Riche en ressources halieutiques grâce au lac Tchad et aux nombreux cours d’eau qui traversent son territoire, le Tchad dispose d’un potentiel considérable dans le domaine de la pêche. Pourtant, le secteur reste largement artisanal, peu structuré, et peine à franchir le cap de l’industrialisation. À l’heure où le pays s’engage dans une dynamique de transformation économique, la pêche industrielle apparaît à la fois comme une nécessité et un défi de taille.

Un potentiel sous-exploité

Selon les estimations de la FAO, la production annuelle de poissons au Tchad oscille entre 150 000 et 200 000 tonnes, dont près de 90 % proviennent de la pêche artisanale. Sur les rives du lac Tchad, à Bol, Liwa ou Baga Sola, des milliers de pêcheurs dépendent de cette activité pour leur subsistance. Toutefois, l’absence d’infrastructures modernes usines de transformation, chaînes de froid, ports aménagés empêche toute montée en gamme.

« Nous pêchons beaucoup, mais perdons énormément », déplore Mahamat Saleh, pêcheur à Kiskra. « Faute de moyens de conservation, une partie du poisson se gâte avant d’être écoulée. »
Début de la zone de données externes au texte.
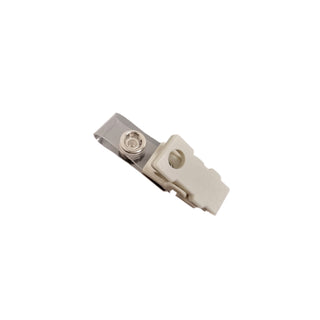 ID Card Strap Clip, Black/Grey
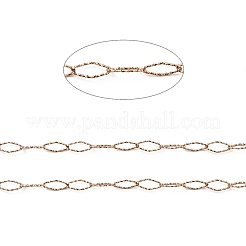 Catene a maglie con occhio di cavallo testurizzato in acciaio inossidabile 304 placcate ioni (ip)&nbsp;CHS-I020-01B-RG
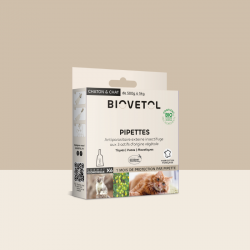 6 Pipettes insectifuges - Chaton / Chat bio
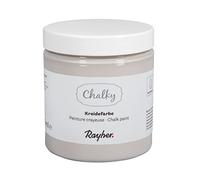 Rayher Chalky Peinture craie Shabby chic et vintage 230ml gris granite, 35048558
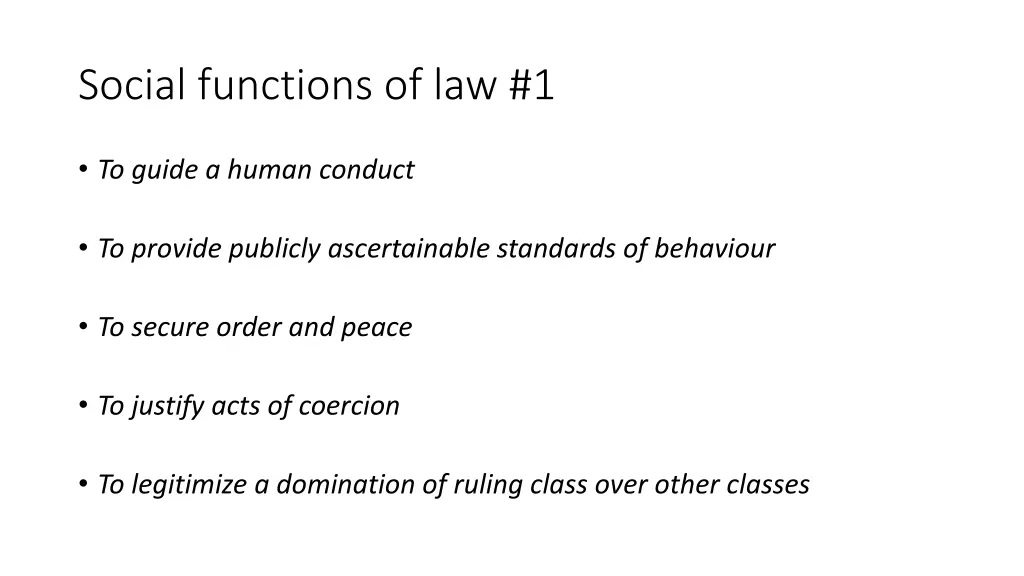 social functions of law 1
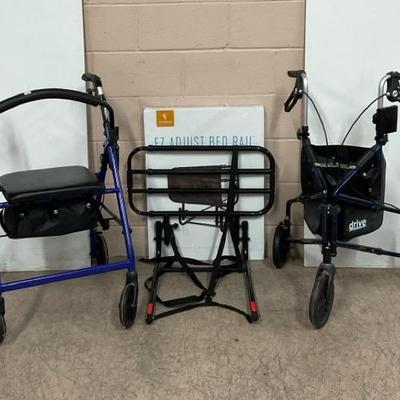 Drive Rollators & Adjustable Bed Rail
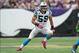 Oct 13, 2013; Minneapolis, MN, USA; Carolina Panthers linebacker Luke Kuechly (59) against the Minnesota Vikings at Mall of America Field at H.H.H. Metrodome. The Panthers defeated the Vikings 35-10. Mandatory Credit: Brace Hemmelgarn-USA TODAY Sports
Des freins structurels persistantsL’un des principaux obstacles à l’industrialisation est le manque d’investissements publics et privés dans le secteur. Les routes d’accès aux zones de pêche sont souvent impraticables, les systèmes de transport inefficaces, et les financements quasi inexistants. À cela s’ajoute une législation encore inadaptée aux enjeux contemporains, incapable de garantir un cadre incitatif pour les industriels.

Par ailleurs, les effets du changement climatique, la baisse du niveau des eaux et l’insécurité persistante autour du lac compliquent davantage la structuration de la filière.

Des pistes pour un nouveau départ

Pourtant, les perspectives ne manquent pas. Plusieurs initiatives régionales, notamment celles soutenues par la CBLT (Commission du bassin du lac Tchad) et la Banque africaine de développement, proposent des plans de développement durable de la pêche incluant la modernisation des outils, la formation des acteurs et la mise en place d’un cadre de coopération sous-régional.

Le ministère tchadien de l’Élevage et des Productions animales affirme avoir élaboré une stratégie nationale de développement de la pêche et de l’aquaculture. Mais sur le terrain, les retombées concrètes tardent à se faire sentir.

Un secteur à repenser avec les acteurs locaux

Pour que l’industrialisation de la pêche devienne une réalité, il faudra davantage qu’un plan sur papier. Il est impératif d’associer les pêcheurs, les collectivités locales et les investisseurs privés autour d’un pacte productif. Cela implique aussi de valoriser les savoirs traditionnels tout en introduisant des innovations technologiques respectueuses de l’environnement.

Le Tchad pourrait faire de la pêche un véritable levier de diversification économique, pour peu que les moyens suivent la volonté. Le poisson est là, les bras aussi. Reste à créer les conditions pour que ce potentiel nourrisse durablement le pays.